Do you ever feel the real tension between duty and feelings? Like when we’re ‘supposed’ to do something, but just are not ‘feeling it’ that day? Sure, we go through the motions, if we can control ourselves and will our bodies through the routine. Question: is this how God envisioned the Christian life? Or did Jesus really mean it when He said to “love your enemies” — that He wanted us to genuinely feel something good towards other people, and towards God?
Read on:
The Bible talks about emotion just like we do in everyday conversation.
There is no special category for “Christian love,” that agape kind our Christian leaders like to talk about — intellectualizing an emotion into a philosophical ideal. Love, hope, joy—and even hatred—in the Bible are not lofty ideas and concepts; they are feelings and emotions, just as we know them in our own lives and talk about them with our families and friends.
There is a great example of what I am talking about in Romans 12: “Don’t just pretend to love others. Really love them. Hate what is wrong. Hold tightly to what is good. Love each other with genuine affection, and take delight in honoring each other. Never by lazy, but work hard and serve the Lord enthusiastically. Rejoice in our confident hope. Be patient in trouble, and keep on praying. When God’s people are in need, be ready to help them. Always be eager to practice hospitality. Bless those who persecute you. Don’t curse them; pray that God will bless them. Be happy with those who are happy, and weep with those who weep. Live in harmony with each other.

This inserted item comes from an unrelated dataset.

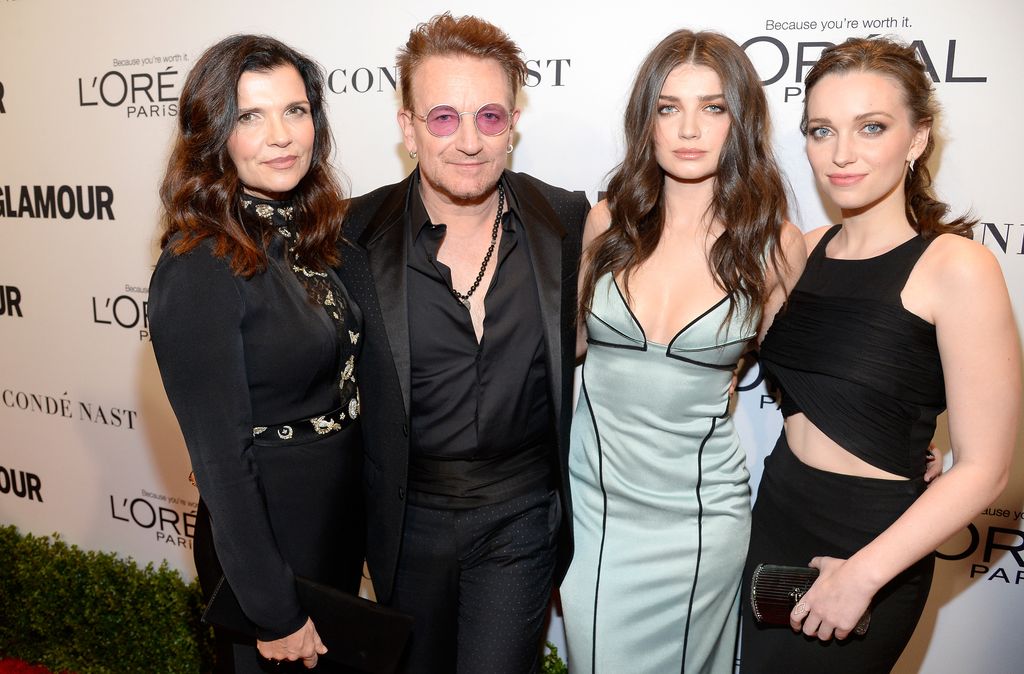 Alison Hewson, honoree Bono, actress Eve Hewson, and Jordan Hewson attend Glamour Women Of The Year 2016 at NeueHouse Hollywood on November 14, 2016 in Los Angeles, California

Don’t be too proud to enjoy the company of ordinary people. And don’t think you know it all!”
See what I mean?
In these eight verses, Paul mentions emotions or uses emotional words a dozen times or so. They are mixed in naturally with the normal flow of his writing.
Really love people.
Hate what is wrong.
Love with genuine affection.
Delight in honoring each other.
Serve the Lord enthusiastically.
Rejoice in hope.
Practice hospitality eagerly.
Be happy.
Weep
Enjoy.
Commands to love and to be in prayer and to be joyful and not to be lazy are all jumbled up together. In the midst of a plea to keep our spirits boiling passionately, Paul tells us to have great empathy for others, to feel what they are feeling. If we are going to be enthusiastic in serving God, we have better feel others’ joy and pain as if it were our own.
It occurred to me that our spirituality is all about how we are feeling — whether we are feeling life or numb to it. If we are not feeling as we should, something is wrong with our relationship with God.
Paul takes no time to explain what he means by love and joy and hope and hate and sorrow. He doesn’t try to tell us that joy is not a feeling or that love is just a choice. He speaks in plain language and assumed that emotions are simply recording our feelings — the stuff of life that God has given us. Paul assumes we will know that joy and love feel like, and he exhorts that if we live by God’s standards, there are certain kinds of feelings that will fill our lives.
This is not rocket science to Paul; it’s clear and normal. He has no embarrassment, no hesitation, no theological barrier to putting pure emotion front and center. He tells it like it is in real life.
I wondered at all the sermons I’d heard and if I’d ever heard a pastor say, “Feel!”
Without any qualifications.
Without any theological rhetoric.
Without any attempt to redefine the word.
Feel!
I wondered how I’d react if I went to church one Sunday and heard, “God is telling you that next week you should be filled with happiness and good cheer; you need to give genuine, warm hugs every night to your family, and if something really bad happens to a friend in the church, you need to be over at their house crying with them. No, I don’t mean dropping by a card and a casserole for dinner, your Christian duty. I meant entering into their pain and really crying with them.”
Paul is that preacher. And that is what I learned from him in Romans. To him, a Christian’s emotional life is all rolled up in and with and around how we should behave and how we should think. For Paul it’s not different to say “cry with the grieving” than to say “don’t lie.” Duty is there, but not devoid of passion and true emotion. It’s all one.
So feel. And feel deeply.
—Matthew Elliott, FEEL: The Power of Listening to Your Heart, pp. 23-25.